Exercise objective: Give back exactly the lines starting at the one with "Fx 4000 - Capri 135CM Boat Fishing Rod Set" and ending at the last line of the data below. Pictures are not part of the copy.

___ Records for this exercise ___

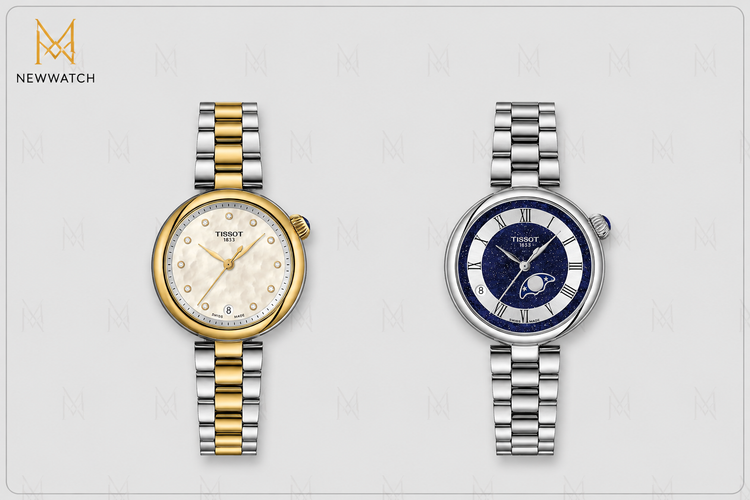 صفحه ظریف ساعت زنانه Tissot Désir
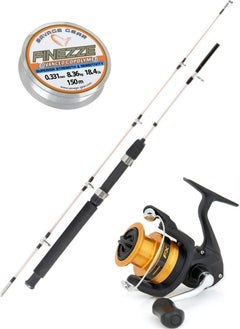 Fx 4000 - Capri 135CM Boat Fishing Rod Set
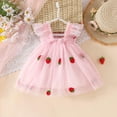 thumbnail image 2 of YABCSAZ Newborn Baby Girl Dress Lace Tulle Tutu Dress 1st Birthday Outfit Cake Smash Princess Dress Cute Embroider Pattern Boho Clothes Photo Shoot Infant Baby Outfits Size 6 Months, 2 of 7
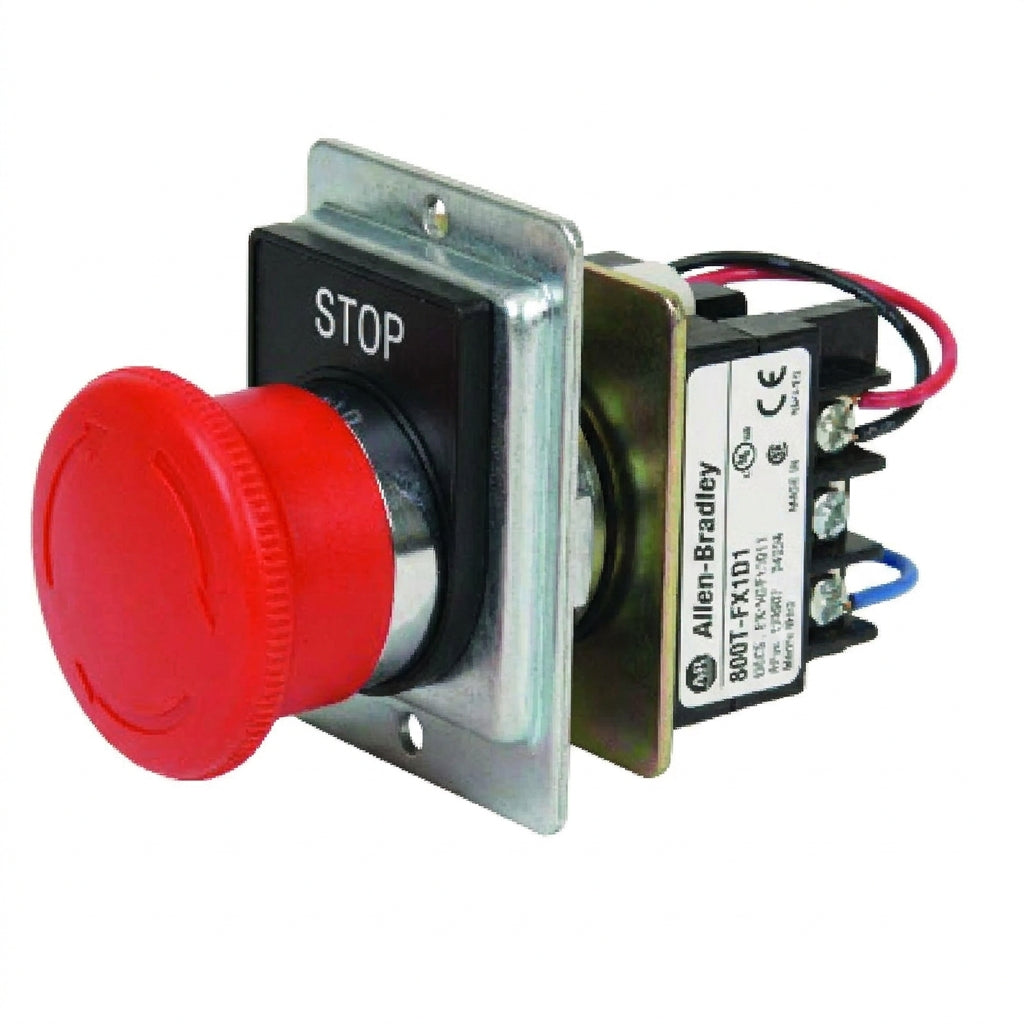 ALLEN-BRADLEY 800T-FX1D1 BOTONES PULSADORES BOTONERAS Y ACCESORIOS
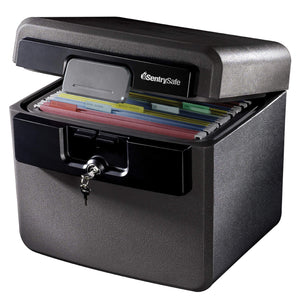 Fireproof Waterproof Key Lock File Safe Box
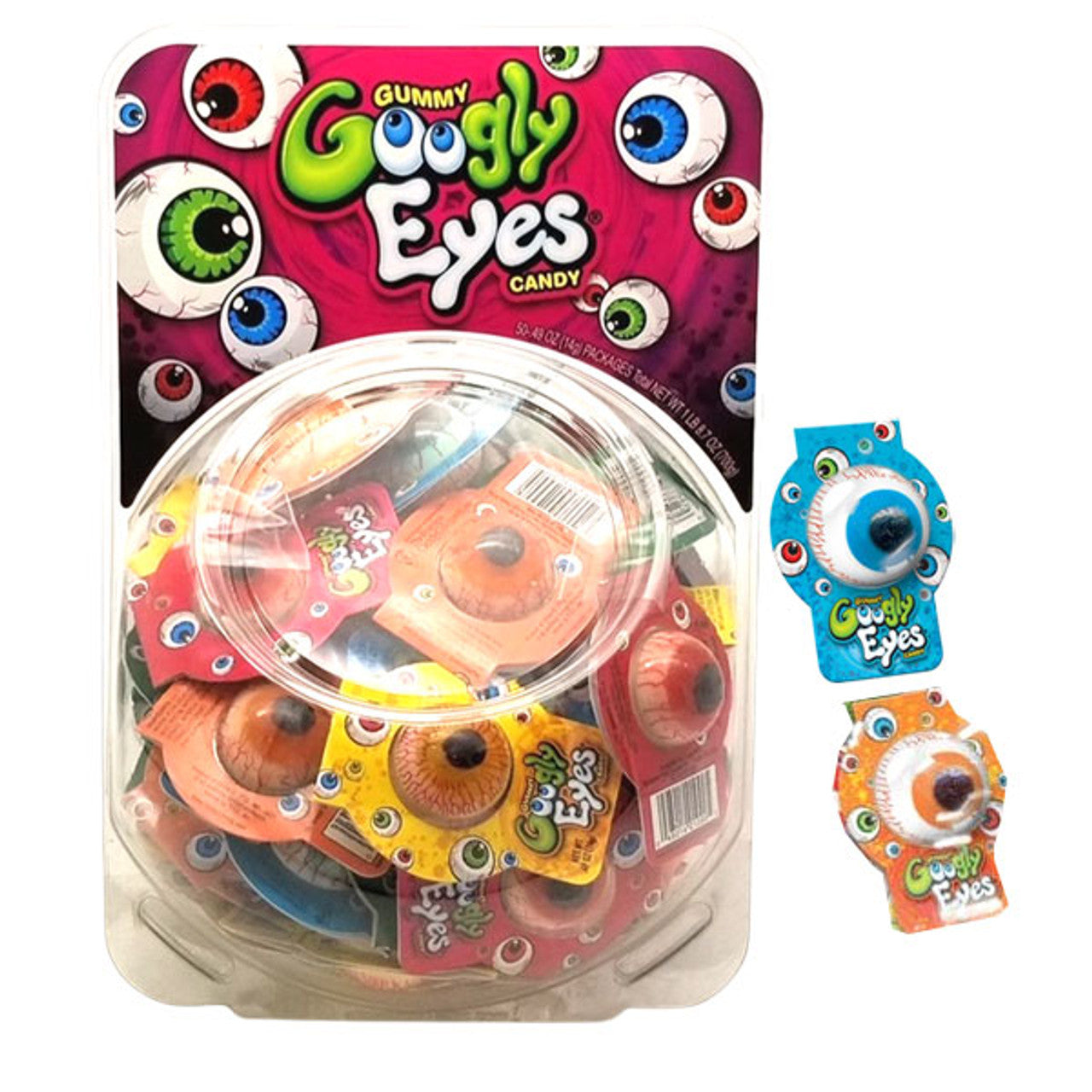 Gummy Googly Eyes – Snack Hut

___

The completed task:
 Fx 4000 - Capri 135CM Boat Fishing Rod Set
 thumbnail image 2 of YABCSAZ Newborn Baby Girl Dress Lace Tulle Tutu Dress 1st Birthday Outfit Cake Smash Princess Dress Cute Embroider Pattern Boho Clothes Photo Shoot Infant Baby Outfits Size 6 Months, 2 of 7
 ALLEN-BRADLEY 800T-FX1D1 BOTONES PULSADORES BOTONERAS Y ACCESORIOS
 Fireproof Waterproof Key Lock File Safe Box
 Gummy Googly Eyes – Snack Hut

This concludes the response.